----- Supplied data -----

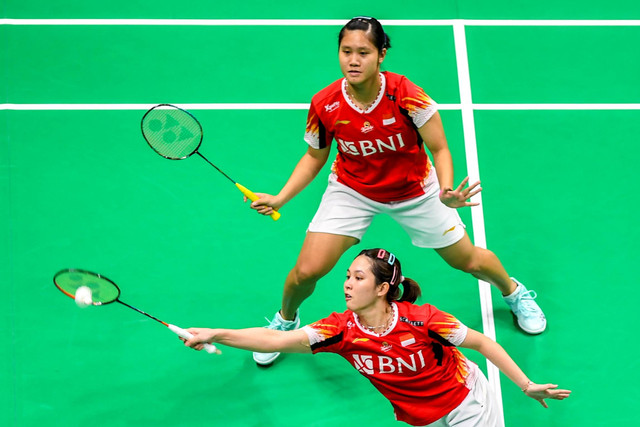 Ganda putri Indonesia Ribka Sugiarto dan Lanny Tria Mayasari melawan ganda putri Korea Selatan Jeong Na Eun dan Kong Hee Yong dalam semifinal Piala Uber 2024 di Chengdu Hi Tech Zone Sports Center Gymnasium, Chengdu, China, Sabtu (4/5/2024). Foto: Galih Pradipta/ANTARA FOTO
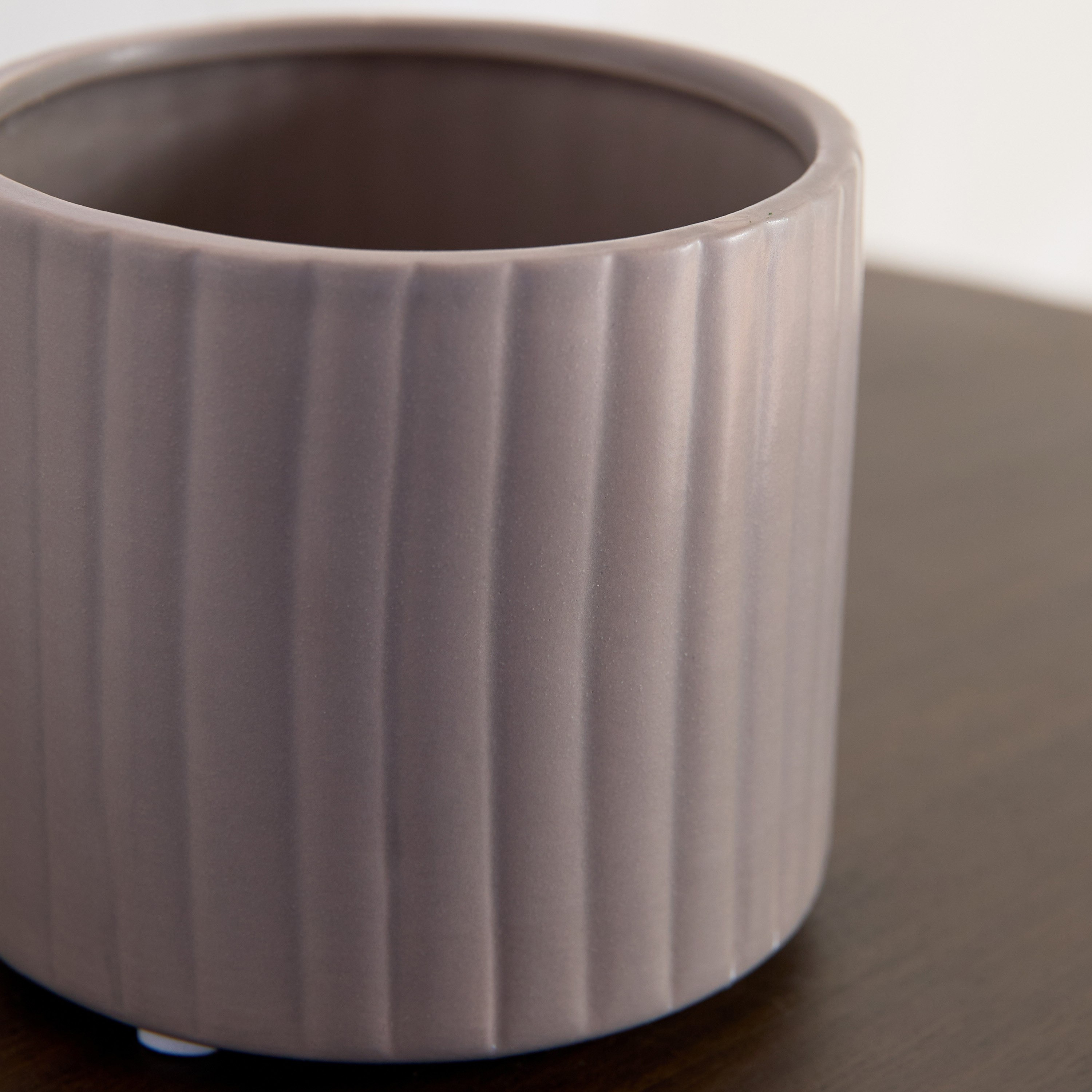Vesus Dolomite Ribbed Plant Pot - 10.5x10.5x9.5 cm-hbxlivingroom-decorandaccessories-plantersandurns-image-3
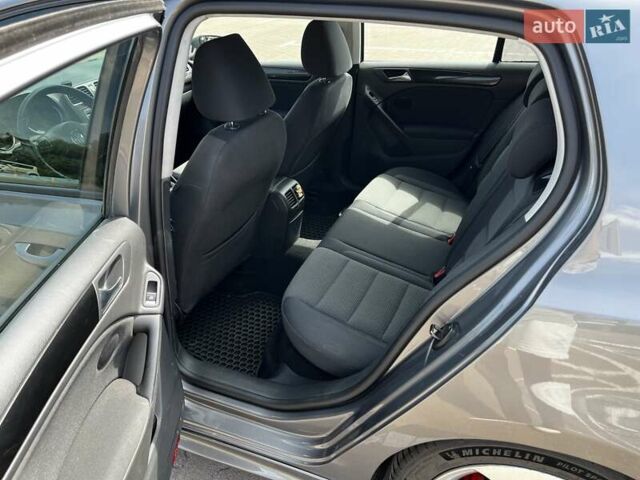 Серый Фольксваген Гольф, объемом двигателя 1.39 л и пробегом 271 тыс. км за 9500 $, фото 27 на Automoto.ua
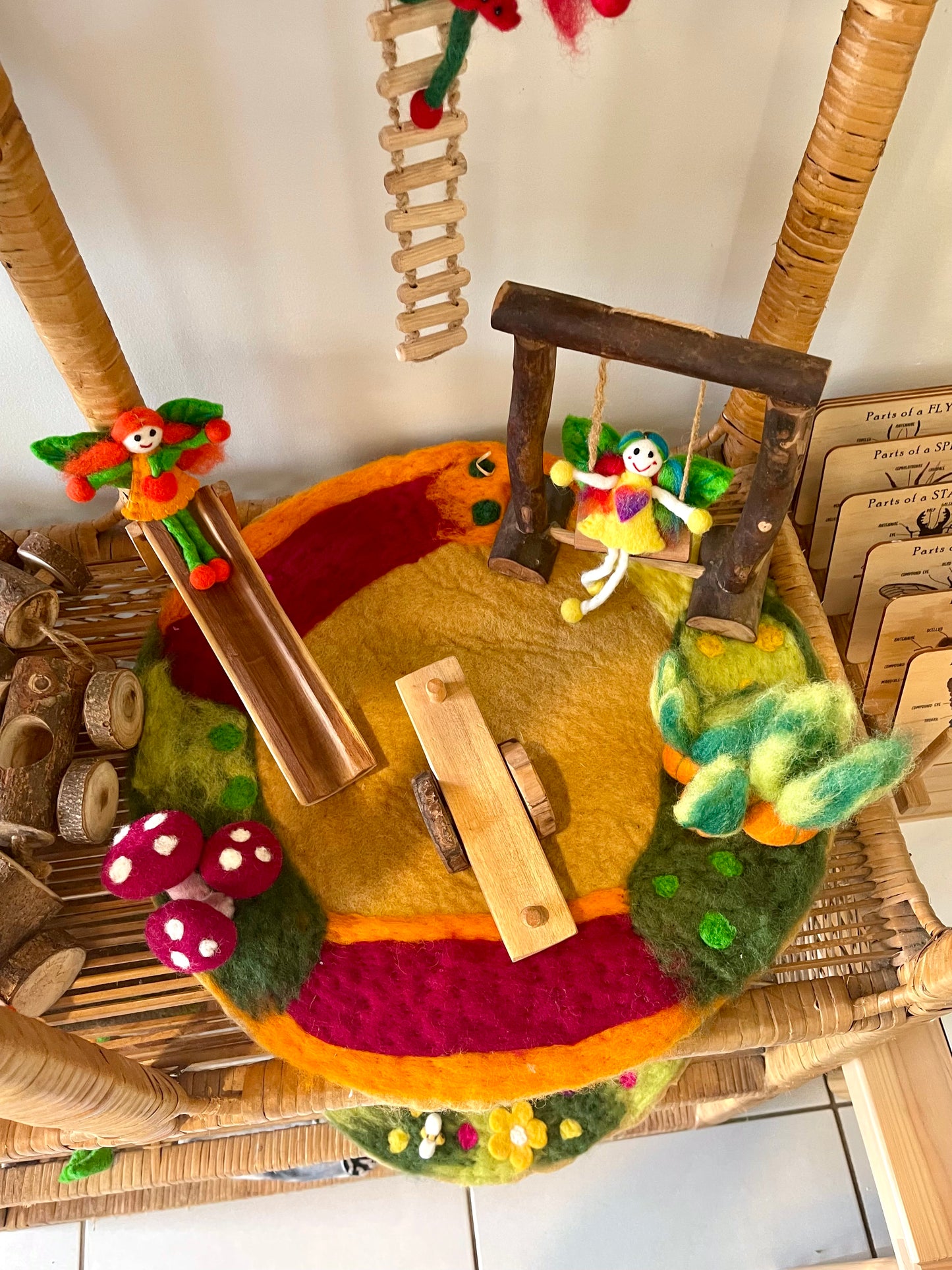 Seasonal Felt Play Mat -Autumn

-----

Print the listing verbatim; no pictures.

 Ganda putri Indonesia Ribka Sugiarto dan Lanny Tria Mayasari melawan ganda putri Korea Selatan Jeong Na Eun dan Kong Hee Yong dalam semifinal Piala Uber 2024 di Chengdu Hi Tech Zone Sports Center Gymnasium, Chengdu, China, Sabtu (4/5/2024). Foto: Galih Pradipta/ANTARA FOTO
Vesus Dolomite Ribbed Plant Pot - 10.5x10.5x9.5 cm-hbxlivingroom-decorandaccessories-plantersandurns-image-3
 Серый Фольксваген Гольф, объемом двигателя 1.39 л и пробегом 271 тыс. км за 9500 $, фото 27 на Automoto.ua
 Seasonal Felt Play Mat -Autumn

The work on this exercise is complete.